● **What is expected**
Your answer must be the line containing "Used Wey VV5" and each following line to the end of the listing below, copied exactly, with pictures removed and nothing added.

● **Supplied information**
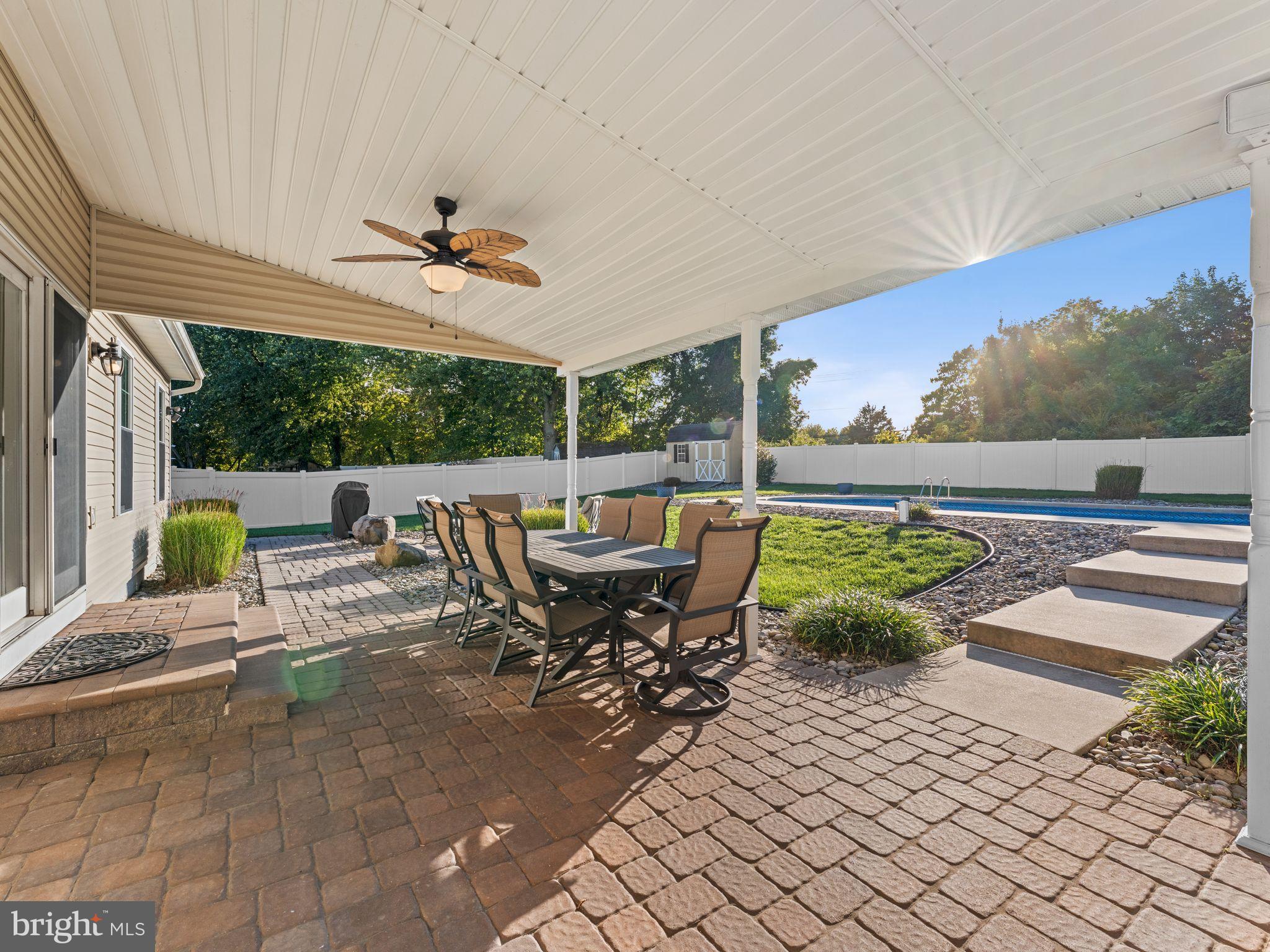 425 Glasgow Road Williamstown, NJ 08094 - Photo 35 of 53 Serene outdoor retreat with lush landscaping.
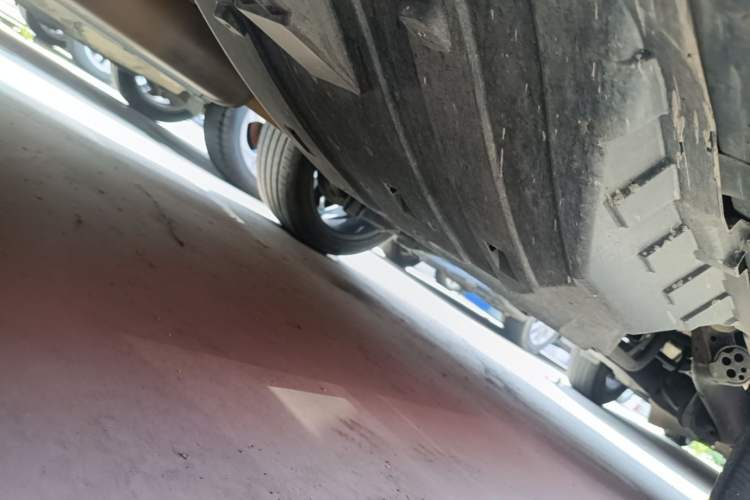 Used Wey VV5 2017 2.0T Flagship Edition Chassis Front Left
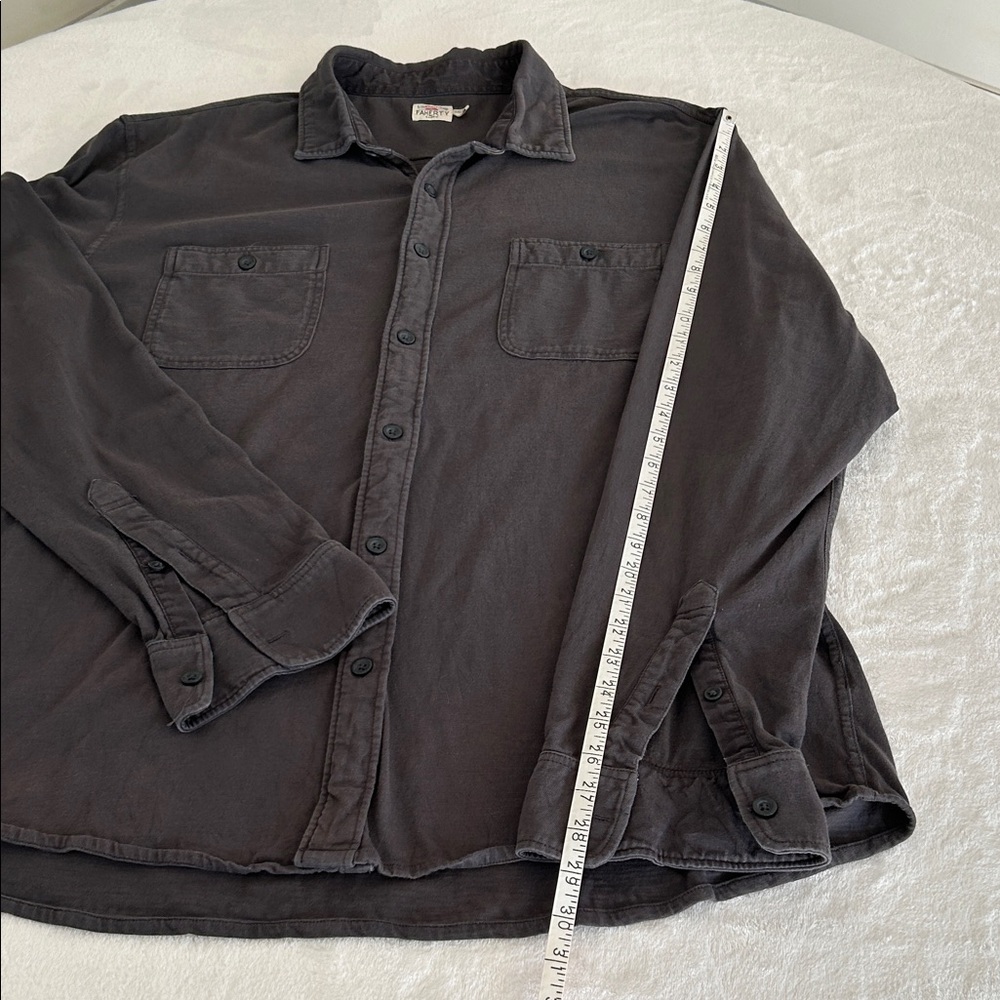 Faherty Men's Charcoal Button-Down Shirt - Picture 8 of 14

● **Task result**
 Used Wey VV5 2017 2.0T Flagship Edition Chassis Front Left
 Faherty Men's Charcoal Button-Down Shirt - Picture 8 of 14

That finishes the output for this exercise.